■ **Given material**
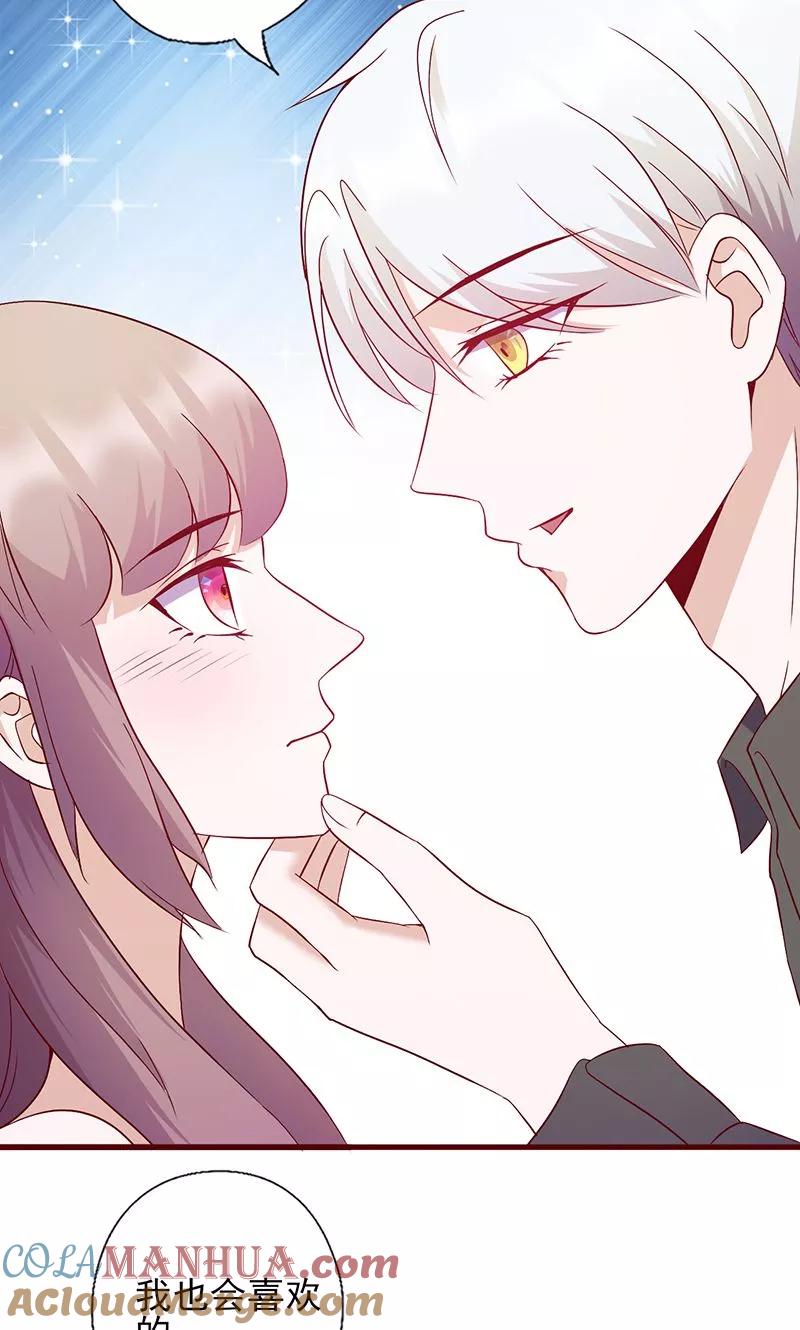《追夫36计：老公，来战！》第115话 你送的都喜欢 第3页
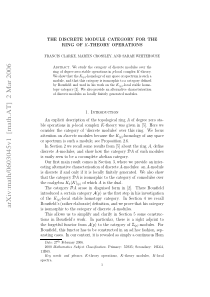 The discrete module category for the ring of K-the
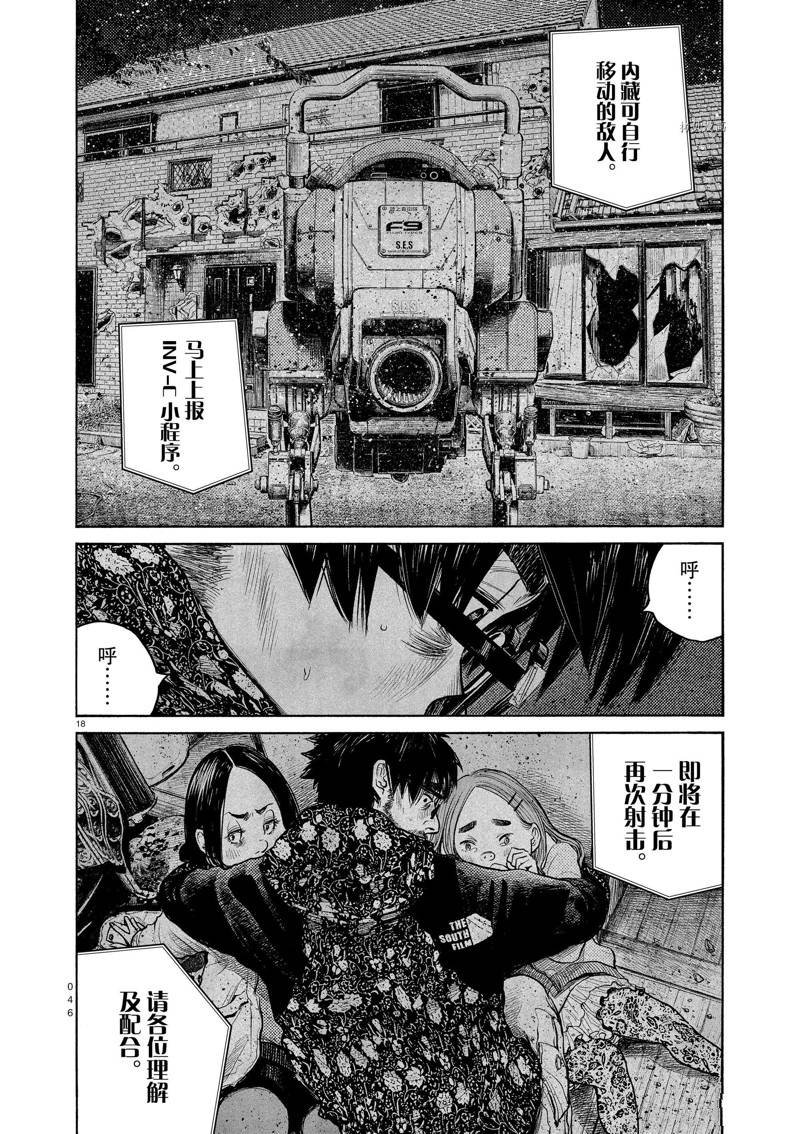 第92话 试看版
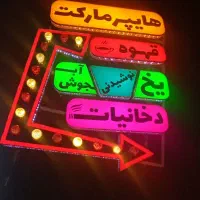 تابلو هایپر مارکت اروپایی|فروشگاه و مغازه|اصفهان, کوی امیریه|دیوار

■ **Required work**
Every line from the one holding "The discrete module" through the final line of the data above is to be reproduced exactly, both ends included, with the pictures left out.

■ **Written response**
 The discrete module category for the ring of K-the
 第92话 试看版
 تابلو هایپر مارکت اروپایی|فروشگاه و مغازه|اصفهان, کوی امیریه|دیوار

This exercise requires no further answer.